Pour Pierre Hébert, ses créations deviennent des formes de vies nouvelles et indescriptibles tout en étant familières. Cette sensation, je l’ai ressentie également en visionnant le film. Ce n’est pas simplement qu’une personne talentueuse, il s’avère être fort intéressant et pertinent autant dans ses propos que son travail. En ce qui me concerne, le noir et le blanc qu’on emploit pour chaque film d’archive de l’Office Nationale du Film peut finir par être lassant, mais cette fois j’y percevais une nécessicité d’y aller ainsi du point de vue de la direction photographique. Le film n’est pas absout de toutes couleurs et c’est bien là où le visionnement prend une dimension spectaculaire.
Avoir la possibilité de laisser une trace de son passage en est une précieuse. Cependant, comment s’assurer que le tableau dressé renvoie une image de valeur égale vis-à-vis du soi original? Le portrait d’une vie se dessine en superposant différents moments pour n’en former qu’un seul. De notre naissance jusqu’à notre mort, – tout en passant par chaque moment vécu – est empreint d’une unicité que nous appelons une existence. Il faut savoir encapsuler l’entièreté d’un être par bribe, par morceaux comme les pièces d’un casse-tête; car il est clair qu’un seul ne peut suffire à l’ensemble pour le définir. Le tout, dit-on, est plus grand que la somme de ses parties.

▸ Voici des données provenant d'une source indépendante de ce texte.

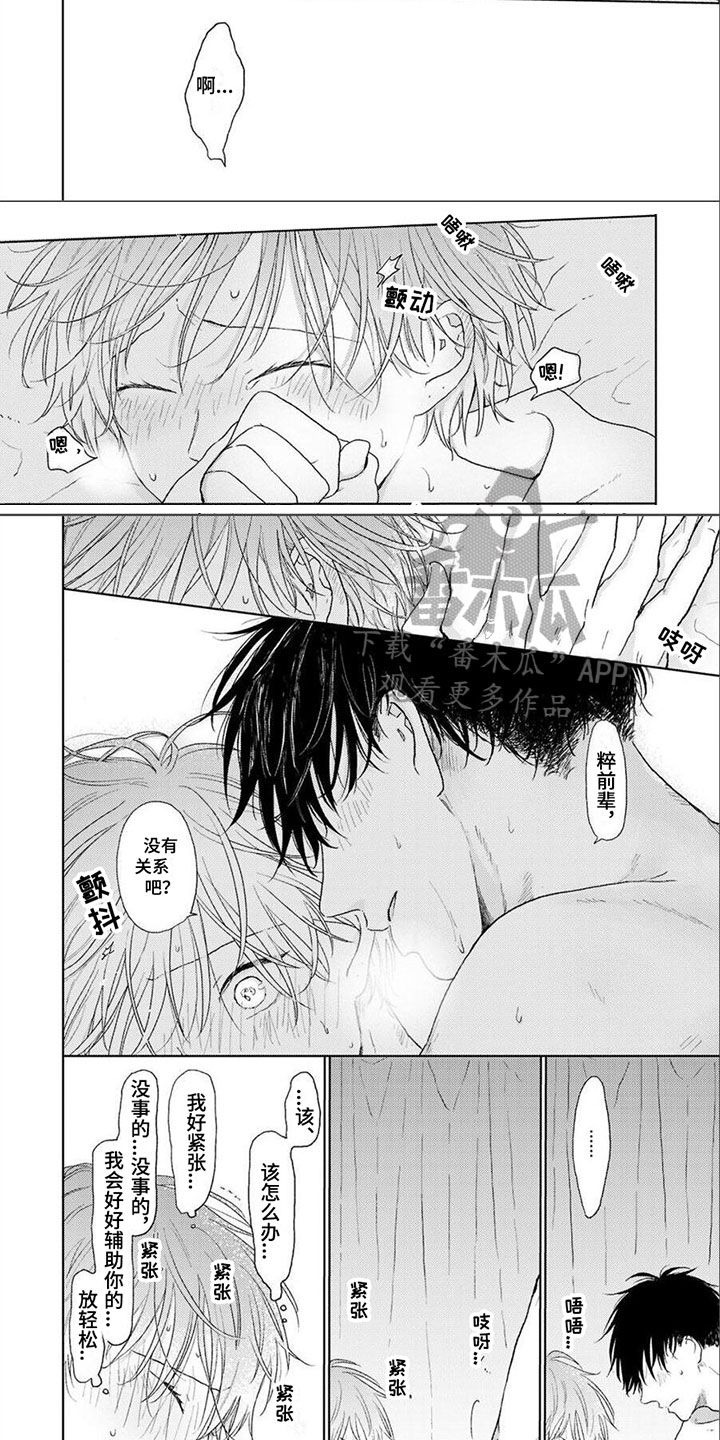 第17话：第17章：一样的预览分镜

En combinant plusieurs images pour n’en former qu’une, monsieur Hébert produit un effet similaire, voire identique. L’arrêt sur l’image ne permet pas de voir la totalité de ce que l’on perçoit, mais seulement une des parties qui composent l’ensemble. De la même manière que l’on porte une oreille attentive lors d’une conversation pour en saisir le sens; il est nécessaire de faire défiler la bande film à l’écran pour que son spectorat puisse pleinement jouir de l’œuvre. Ce qui revient aussi au propre de l’animation, dans le sens où l’aspect fixe n’a pas autant d’importance que le mouvement.

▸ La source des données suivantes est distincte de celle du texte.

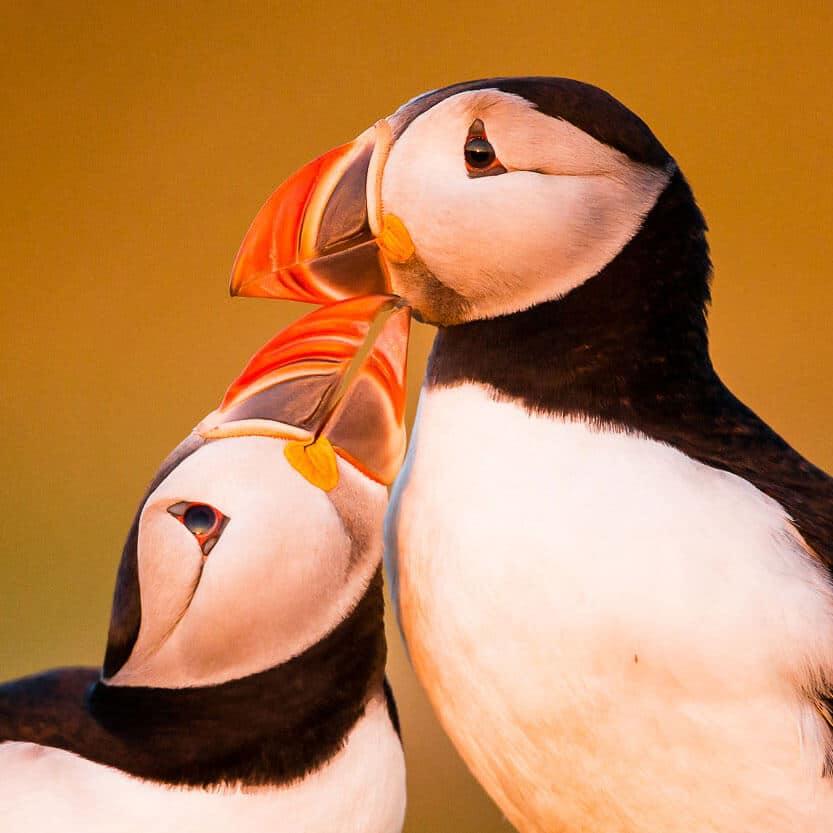 5 Tips for Seabird Photography Success with Kevin Morgans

Le documentaire est efficace tant dans l’introduction de l’homme, Pierre Hébert, que du procédé de gravure sur pellicule en le comparant à la gravure sur pierre et l’humain de la préhistoire en remontant la ligne du temps jusqu’aux technologies utilisées de nos jours. Je dis cela; non pas parce que l’artiste en question est rendu à un âge plus vénérable ni parce que son art peut sembler rudimentaire ou archaïque, mais bien parce que ce qu’il fait est au cœur de ce que la création apporte à son créateur et à celles et ceux qui l’expérimenteront ensuite. Les deux narratives sont intimement liées, si bien que je me demandais si l’on documentait la vie de Pierre Hébert pour parler de gravure, ou l’inverse.

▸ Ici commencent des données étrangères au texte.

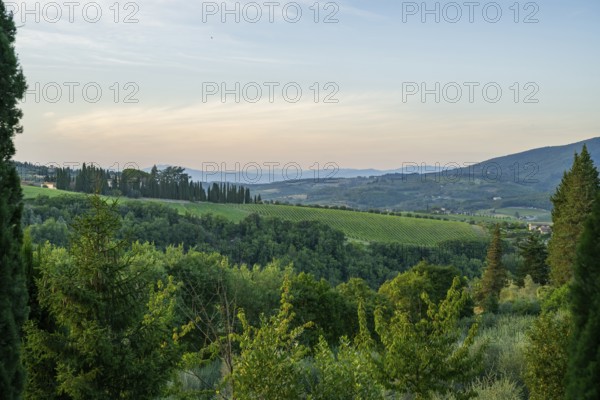 Tuscan landscape next to greve in Chianti and Montefioralle, country estate with vineyards,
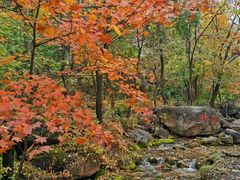 -玉渡山自然风景区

J’étais sensible à ces mots portant une signification si précieuse à l’artiste; des mots que vous aurez envie (je l’espère) d’entendre par vous-même. Une fois le film de Loïc Darses terminé, j’eus l’impression que les dernières paroles prononcées tombaient encore autour de moi comme de la poussière dans le faisceau d’un projecteur de cinéma. Après tout ce grattage, il serait normal qu’on retrouve des grenailles d’halogénure d’argent un peu partout rappelant ces morceaux d’effaces lorsqu’on écrit à la main (oui, oui, je l’expérimente encore).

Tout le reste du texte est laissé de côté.